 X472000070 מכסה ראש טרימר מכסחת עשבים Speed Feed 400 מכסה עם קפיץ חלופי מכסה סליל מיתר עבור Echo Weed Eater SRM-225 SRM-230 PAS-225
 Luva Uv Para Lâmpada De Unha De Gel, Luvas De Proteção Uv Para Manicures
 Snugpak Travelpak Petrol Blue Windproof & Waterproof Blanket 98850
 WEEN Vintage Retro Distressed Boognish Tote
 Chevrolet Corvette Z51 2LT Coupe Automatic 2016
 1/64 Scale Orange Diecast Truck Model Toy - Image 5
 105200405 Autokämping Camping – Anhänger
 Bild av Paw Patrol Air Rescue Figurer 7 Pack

****

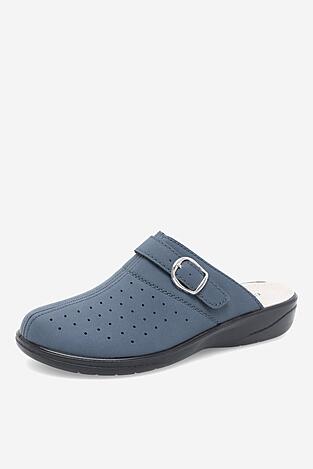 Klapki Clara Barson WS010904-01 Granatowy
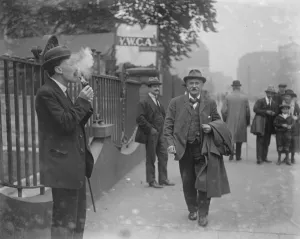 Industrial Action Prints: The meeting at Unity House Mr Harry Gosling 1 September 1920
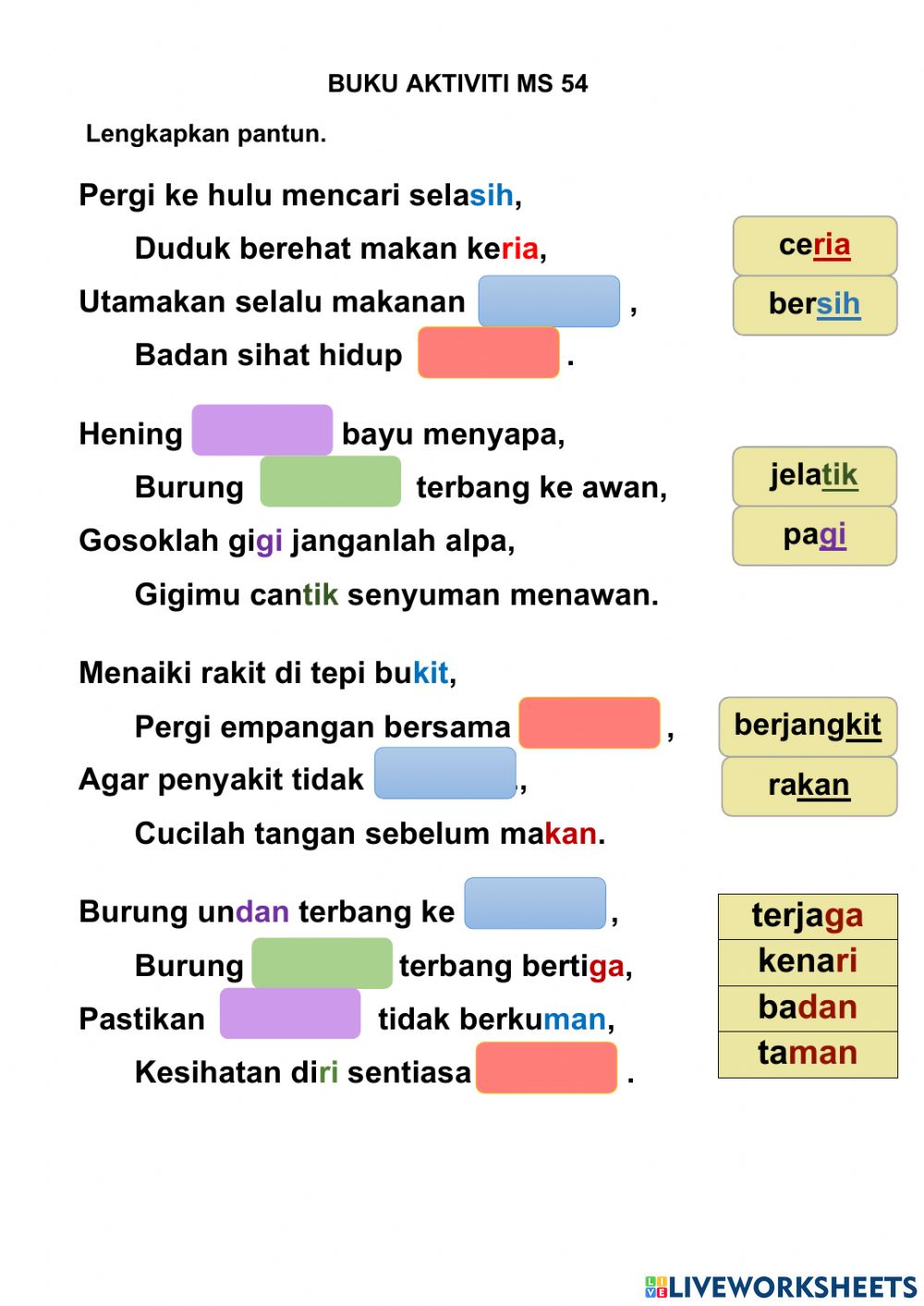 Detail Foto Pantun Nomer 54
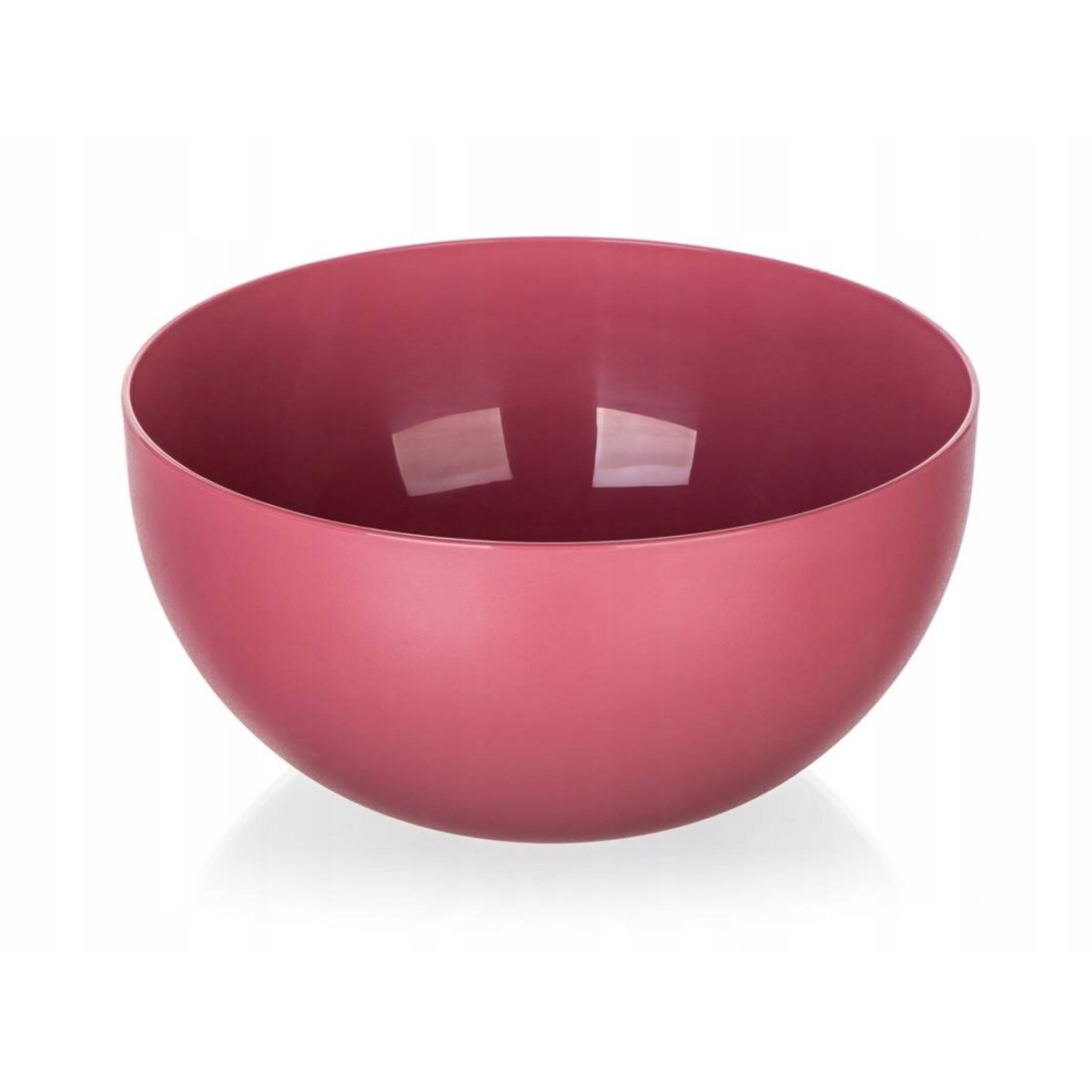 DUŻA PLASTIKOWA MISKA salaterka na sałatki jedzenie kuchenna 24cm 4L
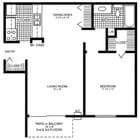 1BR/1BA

****

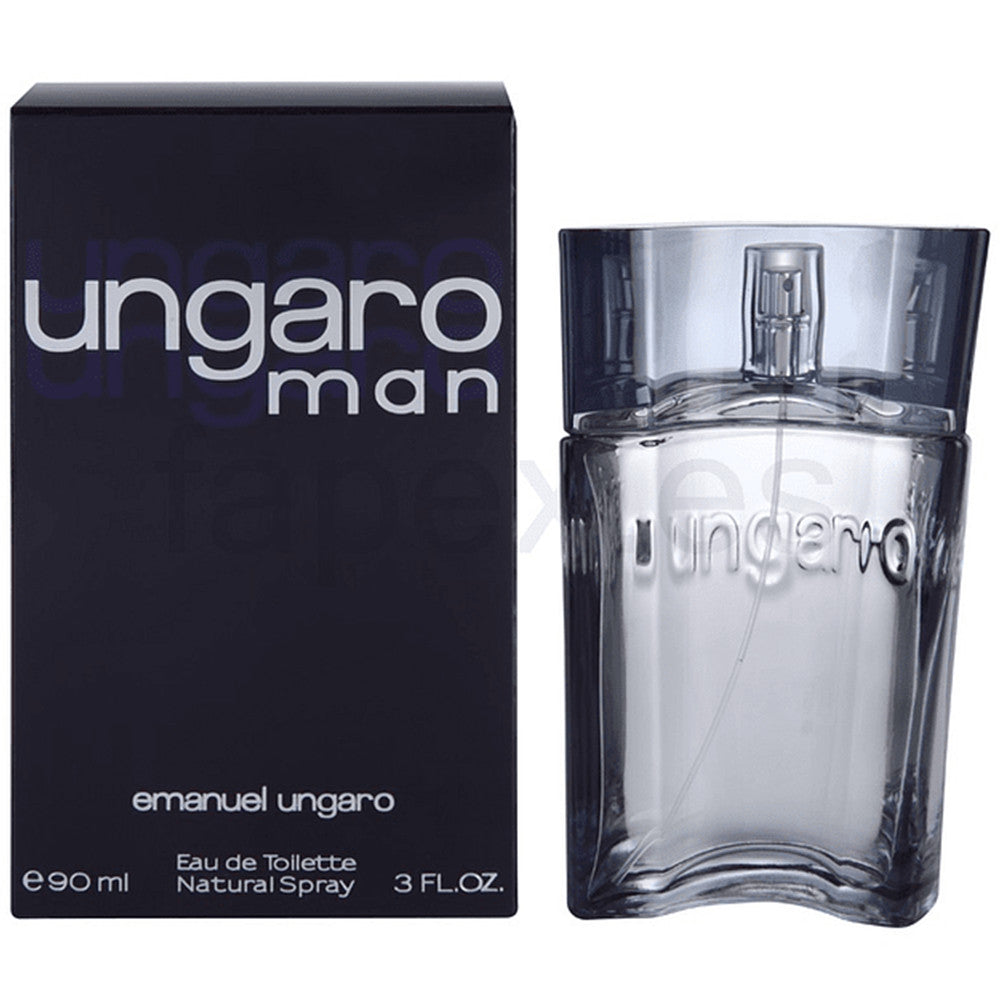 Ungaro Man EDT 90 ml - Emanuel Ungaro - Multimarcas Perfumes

****

Exercise prompt:
Look in the material above for the line with "X472000070 מכסה ראש" and the line with "Bild av Paw Patrol Air Rescue Figurer 7 Pack", and transcribe exactly those lines and all lines between them, nothing more.

Output of the task:
 X472000070 מכסה ראש טרימר מכסחת עשבים Speed Feed 400 מכסה עם קפיץ חלופי מכסה סליל מיתר עבור Echo Weed Eater SRM-225 SRM-230 PAS-225
 Luva Uv Para Lâmpada De Unha De Gel, Luvas De Proteção Uv Para Manicures
 Snugpak Travelpak Petrol Blue Windproof & Waterproof Blanket 98850
 WEEN Vintage Retro Distressed Boognish Tote
 Chevrolet Corvette Z51 2LT Coupe Automatic 2016
 1/64 Scale Orange Diecast Truck Model Toy - Image 5
 105200405 Autokämping Camping – Anhänger
 Bild av Paw Patrol Air Rescue Figurer 7 Pack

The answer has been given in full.